The Vedanta Temple in Santa Barbara was commissioned and built in 1956 on the hills just above the city, with a clear view out to the Pacific Ocean. The land was originally an underdeveloped estate owned by Spencer Kellogg, who donated it to the Vedanta Society of Southern California, a branch of the Ramakrishna Order of India. Vedanta is the philosophical foundation of Hinduism and looks to ancient Indian scripture, or the Vedas, for its teachings. Vedanta professes universality over allegiance to a singular religious interpretation of a superior being, focusing instead on acquiring a higher form of self-knowledge. Much of Vedanta practice takes place through four approaches to yoga. Swami Prabhavananda founded the Vedanta Society of Southern California in 1930 and played a key role in the eventual commission of the temple, which was given to Santa Barbara–based architect Lutah Maria Riggs.

At the time Riggs accepted the commission, the Kellogg estate housed religious and lay people from the Hollywood branch of Vedanta, who used the site as a retreat, and a convent for the small number of nuns who lived at the site full time. In 1954, the Santa Barbara location began hosting public lectures and the Society required a structure that could accommodate the increasing number people from the Central Coast interested in Vedanta teachings. The Vedanta Society asked Riggs to design a flexible space for public events and for daily yoga, meditation, and worship practices.

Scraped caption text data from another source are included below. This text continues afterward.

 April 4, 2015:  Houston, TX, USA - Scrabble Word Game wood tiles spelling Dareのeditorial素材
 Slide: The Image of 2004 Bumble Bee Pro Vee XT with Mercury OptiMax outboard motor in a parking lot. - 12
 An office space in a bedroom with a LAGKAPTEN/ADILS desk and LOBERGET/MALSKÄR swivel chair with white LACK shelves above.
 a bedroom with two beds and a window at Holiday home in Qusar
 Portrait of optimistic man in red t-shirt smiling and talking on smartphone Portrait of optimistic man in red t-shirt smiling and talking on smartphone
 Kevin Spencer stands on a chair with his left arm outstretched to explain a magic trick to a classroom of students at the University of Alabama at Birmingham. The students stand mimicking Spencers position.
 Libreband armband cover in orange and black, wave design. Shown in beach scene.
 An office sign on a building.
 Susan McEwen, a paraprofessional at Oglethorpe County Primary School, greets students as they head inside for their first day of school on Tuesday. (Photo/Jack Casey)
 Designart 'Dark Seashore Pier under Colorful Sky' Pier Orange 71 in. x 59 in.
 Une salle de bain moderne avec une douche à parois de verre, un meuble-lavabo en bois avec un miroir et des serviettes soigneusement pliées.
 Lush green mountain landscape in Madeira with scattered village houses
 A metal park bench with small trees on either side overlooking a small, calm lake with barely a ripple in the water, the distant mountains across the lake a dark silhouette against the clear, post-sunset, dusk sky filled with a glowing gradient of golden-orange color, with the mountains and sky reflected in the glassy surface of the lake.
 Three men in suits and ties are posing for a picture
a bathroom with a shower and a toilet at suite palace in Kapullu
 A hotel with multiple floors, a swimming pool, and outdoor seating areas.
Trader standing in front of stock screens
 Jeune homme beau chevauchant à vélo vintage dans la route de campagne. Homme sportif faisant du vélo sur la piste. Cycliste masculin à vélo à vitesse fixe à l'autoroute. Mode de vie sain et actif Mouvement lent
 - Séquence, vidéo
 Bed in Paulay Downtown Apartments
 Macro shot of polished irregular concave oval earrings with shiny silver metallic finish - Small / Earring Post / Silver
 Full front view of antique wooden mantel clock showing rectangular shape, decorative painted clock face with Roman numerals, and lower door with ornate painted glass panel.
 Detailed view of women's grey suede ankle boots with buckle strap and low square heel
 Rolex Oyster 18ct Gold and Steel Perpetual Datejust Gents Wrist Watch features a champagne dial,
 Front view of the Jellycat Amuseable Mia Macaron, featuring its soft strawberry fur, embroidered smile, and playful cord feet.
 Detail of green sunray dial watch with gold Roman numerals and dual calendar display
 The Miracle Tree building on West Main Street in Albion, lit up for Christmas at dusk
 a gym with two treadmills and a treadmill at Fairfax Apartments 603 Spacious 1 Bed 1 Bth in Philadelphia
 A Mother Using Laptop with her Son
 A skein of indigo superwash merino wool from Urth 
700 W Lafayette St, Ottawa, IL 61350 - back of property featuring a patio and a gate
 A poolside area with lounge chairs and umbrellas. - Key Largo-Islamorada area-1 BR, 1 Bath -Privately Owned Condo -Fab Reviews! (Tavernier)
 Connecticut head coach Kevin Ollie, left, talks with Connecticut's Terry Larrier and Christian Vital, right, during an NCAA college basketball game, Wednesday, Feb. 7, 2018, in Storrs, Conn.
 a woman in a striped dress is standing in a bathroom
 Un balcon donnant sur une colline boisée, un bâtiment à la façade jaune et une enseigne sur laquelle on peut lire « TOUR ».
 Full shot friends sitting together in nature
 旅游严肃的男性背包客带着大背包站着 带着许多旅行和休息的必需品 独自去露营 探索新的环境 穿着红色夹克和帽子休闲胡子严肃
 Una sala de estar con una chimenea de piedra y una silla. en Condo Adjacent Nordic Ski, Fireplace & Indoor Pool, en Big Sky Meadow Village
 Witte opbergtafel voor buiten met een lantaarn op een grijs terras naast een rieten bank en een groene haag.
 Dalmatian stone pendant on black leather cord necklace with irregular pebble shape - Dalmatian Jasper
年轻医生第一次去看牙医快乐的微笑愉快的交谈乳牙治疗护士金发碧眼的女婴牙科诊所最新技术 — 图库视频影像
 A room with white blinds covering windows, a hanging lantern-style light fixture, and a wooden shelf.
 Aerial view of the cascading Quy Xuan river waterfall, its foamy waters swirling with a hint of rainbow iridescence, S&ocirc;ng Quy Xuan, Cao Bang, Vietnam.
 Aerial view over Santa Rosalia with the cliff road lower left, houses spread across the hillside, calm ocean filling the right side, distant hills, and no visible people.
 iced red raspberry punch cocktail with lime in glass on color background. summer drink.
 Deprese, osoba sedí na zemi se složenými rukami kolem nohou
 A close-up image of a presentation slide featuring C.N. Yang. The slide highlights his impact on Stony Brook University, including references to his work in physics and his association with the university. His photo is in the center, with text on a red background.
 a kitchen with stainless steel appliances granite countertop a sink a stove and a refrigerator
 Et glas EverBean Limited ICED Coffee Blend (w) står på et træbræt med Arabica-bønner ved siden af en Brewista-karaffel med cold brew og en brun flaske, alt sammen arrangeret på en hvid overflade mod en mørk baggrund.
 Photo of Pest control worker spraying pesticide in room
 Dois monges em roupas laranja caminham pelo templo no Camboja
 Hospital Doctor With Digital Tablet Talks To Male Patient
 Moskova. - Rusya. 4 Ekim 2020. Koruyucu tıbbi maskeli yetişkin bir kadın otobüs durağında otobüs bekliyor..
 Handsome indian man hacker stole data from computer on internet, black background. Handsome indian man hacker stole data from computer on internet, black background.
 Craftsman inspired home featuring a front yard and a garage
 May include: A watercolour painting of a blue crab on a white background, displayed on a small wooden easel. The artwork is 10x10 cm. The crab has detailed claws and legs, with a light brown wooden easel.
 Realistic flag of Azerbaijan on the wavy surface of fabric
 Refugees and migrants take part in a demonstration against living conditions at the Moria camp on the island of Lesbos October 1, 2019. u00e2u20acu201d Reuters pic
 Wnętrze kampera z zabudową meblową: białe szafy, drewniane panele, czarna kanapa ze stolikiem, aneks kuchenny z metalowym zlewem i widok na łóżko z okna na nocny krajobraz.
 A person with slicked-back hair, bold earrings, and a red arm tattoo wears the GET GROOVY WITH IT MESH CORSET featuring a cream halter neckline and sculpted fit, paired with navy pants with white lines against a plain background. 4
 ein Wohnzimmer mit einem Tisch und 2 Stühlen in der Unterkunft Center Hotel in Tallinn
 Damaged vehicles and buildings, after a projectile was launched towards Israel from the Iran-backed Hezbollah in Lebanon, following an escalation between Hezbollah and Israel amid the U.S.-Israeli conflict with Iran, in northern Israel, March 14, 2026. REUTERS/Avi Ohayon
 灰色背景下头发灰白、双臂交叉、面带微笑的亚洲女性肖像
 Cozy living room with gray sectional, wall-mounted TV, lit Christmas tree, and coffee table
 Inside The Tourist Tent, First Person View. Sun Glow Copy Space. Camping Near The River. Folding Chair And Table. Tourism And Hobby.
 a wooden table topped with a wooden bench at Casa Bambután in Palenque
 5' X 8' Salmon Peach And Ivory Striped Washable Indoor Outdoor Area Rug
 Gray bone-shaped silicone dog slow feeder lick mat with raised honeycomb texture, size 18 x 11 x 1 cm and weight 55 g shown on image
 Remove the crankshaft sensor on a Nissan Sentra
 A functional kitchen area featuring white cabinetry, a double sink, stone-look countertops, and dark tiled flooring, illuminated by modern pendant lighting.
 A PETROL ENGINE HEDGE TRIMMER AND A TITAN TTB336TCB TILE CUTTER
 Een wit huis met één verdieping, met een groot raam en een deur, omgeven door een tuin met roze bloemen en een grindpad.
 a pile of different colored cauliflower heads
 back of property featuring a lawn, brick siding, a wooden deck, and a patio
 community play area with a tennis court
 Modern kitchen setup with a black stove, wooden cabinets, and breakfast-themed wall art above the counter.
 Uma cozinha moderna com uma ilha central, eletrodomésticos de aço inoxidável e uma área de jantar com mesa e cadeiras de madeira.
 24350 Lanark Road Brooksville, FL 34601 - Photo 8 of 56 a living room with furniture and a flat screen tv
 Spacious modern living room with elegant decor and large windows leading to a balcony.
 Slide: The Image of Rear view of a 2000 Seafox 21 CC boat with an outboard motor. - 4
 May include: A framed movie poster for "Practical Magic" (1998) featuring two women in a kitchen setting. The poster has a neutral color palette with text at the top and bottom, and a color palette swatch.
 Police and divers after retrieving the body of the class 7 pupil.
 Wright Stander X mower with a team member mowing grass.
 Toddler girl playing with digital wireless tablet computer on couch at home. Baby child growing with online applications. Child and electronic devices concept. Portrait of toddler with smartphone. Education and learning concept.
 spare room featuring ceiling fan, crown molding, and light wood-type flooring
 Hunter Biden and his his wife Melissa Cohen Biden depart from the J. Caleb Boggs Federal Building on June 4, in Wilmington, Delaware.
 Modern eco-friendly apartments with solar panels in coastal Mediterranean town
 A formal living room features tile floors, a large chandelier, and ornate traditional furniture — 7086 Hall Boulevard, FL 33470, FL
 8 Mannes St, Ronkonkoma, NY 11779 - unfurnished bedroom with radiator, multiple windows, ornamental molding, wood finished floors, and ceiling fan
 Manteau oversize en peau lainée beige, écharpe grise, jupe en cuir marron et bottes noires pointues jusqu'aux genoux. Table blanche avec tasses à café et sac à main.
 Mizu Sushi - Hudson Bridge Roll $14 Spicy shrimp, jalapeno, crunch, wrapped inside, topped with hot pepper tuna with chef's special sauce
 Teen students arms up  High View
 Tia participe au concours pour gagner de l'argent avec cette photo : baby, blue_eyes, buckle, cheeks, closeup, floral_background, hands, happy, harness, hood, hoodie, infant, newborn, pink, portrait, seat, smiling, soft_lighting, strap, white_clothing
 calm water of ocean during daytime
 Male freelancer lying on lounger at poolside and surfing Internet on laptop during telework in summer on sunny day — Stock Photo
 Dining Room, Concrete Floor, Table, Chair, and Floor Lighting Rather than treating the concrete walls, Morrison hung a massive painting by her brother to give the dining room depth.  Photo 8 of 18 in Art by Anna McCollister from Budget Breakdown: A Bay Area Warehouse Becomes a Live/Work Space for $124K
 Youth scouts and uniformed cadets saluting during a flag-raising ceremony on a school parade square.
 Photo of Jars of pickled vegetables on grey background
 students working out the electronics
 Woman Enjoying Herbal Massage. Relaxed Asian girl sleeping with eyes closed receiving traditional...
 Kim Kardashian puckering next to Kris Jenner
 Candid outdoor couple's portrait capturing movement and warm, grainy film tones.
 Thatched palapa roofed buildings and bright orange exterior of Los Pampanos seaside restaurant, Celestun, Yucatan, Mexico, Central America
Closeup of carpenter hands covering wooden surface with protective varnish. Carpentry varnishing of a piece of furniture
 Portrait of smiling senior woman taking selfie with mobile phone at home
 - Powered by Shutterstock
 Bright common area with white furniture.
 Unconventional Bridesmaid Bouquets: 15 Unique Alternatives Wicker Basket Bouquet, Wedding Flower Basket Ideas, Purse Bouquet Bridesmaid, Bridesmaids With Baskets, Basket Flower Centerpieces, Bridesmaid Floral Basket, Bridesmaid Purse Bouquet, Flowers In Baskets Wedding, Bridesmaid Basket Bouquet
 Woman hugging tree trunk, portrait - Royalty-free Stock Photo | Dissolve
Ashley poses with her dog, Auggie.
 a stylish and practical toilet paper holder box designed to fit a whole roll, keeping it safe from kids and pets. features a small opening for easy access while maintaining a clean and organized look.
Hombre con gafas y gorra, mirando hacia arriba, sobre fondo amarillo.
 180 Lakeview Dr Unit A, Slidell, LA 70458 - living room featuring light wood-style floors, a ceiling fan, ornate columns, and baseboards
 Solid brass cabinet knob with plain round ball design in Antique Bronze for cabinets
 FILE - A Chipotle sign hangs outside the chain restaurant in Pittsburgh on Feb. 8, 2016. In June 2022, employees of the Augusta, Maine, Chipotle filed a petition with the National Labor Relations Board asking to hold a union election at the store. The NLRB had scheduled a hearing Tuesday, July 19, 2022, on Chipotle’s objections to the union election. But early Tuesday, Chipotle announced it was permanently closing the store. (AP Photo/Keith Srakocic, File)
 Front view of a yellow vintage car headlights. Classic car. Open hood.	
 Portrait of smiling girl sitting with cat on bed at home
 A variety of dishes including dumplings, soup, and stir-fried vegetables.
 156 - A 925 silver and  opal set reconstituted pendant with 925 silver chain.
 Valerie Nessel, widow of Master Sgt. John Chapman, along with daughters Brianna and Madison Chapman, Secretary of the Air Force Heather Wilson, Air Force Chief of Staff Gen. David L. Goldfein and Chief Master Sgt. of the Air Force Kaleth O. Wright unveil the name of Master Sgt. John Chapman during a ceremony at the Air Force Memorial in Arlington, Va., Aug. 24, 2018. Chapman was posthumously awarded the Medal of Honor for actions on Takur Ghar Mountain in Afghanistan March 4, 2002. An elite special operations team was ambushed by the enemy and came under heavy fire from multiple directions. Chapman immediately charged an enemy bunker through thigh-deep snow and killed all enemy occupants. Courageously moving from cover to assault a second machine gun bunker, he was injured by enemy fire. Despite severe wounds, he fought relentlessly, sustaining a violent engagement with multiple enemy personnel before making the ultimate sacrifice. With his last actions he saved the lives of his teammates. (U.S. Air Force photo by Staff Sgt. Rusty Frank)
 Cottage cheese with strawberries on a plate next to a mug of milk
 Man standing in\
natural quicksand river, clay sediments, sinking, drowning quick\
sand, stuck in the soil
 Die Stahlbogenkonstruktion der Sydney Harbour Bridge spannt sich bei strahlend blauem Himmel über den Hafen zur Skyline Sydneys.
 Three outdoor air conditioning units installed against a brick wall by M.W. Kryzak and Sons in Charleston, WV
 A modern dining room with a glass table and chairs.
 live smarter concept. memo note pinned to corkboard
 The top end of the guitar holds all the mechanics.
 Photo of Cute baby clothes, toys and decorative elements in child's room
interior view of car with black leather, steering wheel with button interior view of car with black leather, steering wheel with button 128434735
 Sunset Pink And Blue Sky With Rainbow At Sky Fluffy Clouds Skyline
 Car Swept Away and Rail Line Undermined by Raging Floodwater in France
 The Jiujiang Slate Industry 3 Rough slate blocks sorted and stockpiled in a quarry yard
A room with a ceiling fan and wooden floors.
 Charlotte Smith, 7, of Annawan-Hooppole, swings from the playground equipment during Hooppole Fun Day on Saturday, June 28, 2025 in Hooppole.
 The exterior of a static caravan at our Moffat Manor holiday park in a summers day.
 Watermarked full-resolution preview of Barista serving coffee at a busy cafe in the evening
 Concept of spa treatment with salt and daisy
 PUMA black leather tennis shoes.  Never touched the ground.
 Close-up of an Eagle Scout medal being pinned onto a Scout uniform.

Riggs was part of the second generation of women to study architecture at the University of California, Berkeley, following the lead of Julia Morgan and Lillian Rice. The program, under the directorship of John Galen Howard, was modeled on that of the Ecole des Beaux-Arts, and Riggs gained a traditional education in the historical styles. After graduating in 1919, she returned to her family home in Santa Barbara to practice. She worked in the Santa Barbara office of George Washington Smith, traveling with his family to Mexico and Europe and eventually serving as his chief draftsperson before starting her own firm in 1931. Riggs became the first woman to be licensed as an architect in Santa Barbara as well as the first woman to receive fellow designation by the American Institute of Architects.

While much of Riggs’s work reflects traditional Spanish Colonial Revival forms, by the 1950s she was experimenting with modernist principles rendered in a warm, regional language focused on the open plan, exposed wood, large expanses of glass, and the integration of interior spaces with exterior gardens. In the Vedanta commission she combined her knowledge of classical proportion with a modernist interpretation of Asian design principles. She was largely unknowledgeable about Asian architectural forms at the project’s outset, but studied a series of texts on Chinese, Japanese, and South Asian temples, and modeled her initial sketches and drawings after the ancient wooden temples of Southern India and Japan.

The temple is approached from the south and is fronted by a staircase that extends the width of the building and leads to a single centrally positioned entrance door. Its double-peaked tile roof with exposed lintels stretches over a broad porch creating a covered entryway. The temple is surrounded by a series of columns made of rough Oregon pine that are actually former telephone poles. Four support the cantilevered roof in the front while the rest are embedded into the temple’s white plaster walls and left exposed. On the modestly sized interior, the columns extend in two lines supporting a series of laminated arches that create a barrel vault that runs the length of the temple, sheltering a central meeting space. The effect is of a central nave with side aisles that leads to a rectangular apse, but rendered in simple materials whose natural qualities and exposed construction give pattern and golden tones to the interior. Light enters the temple through a series of windows with patterned wooden screens. Indonesian carvings, an Egyptian screen at the entry, and brass lamps, which Riggs also designed, complete the design.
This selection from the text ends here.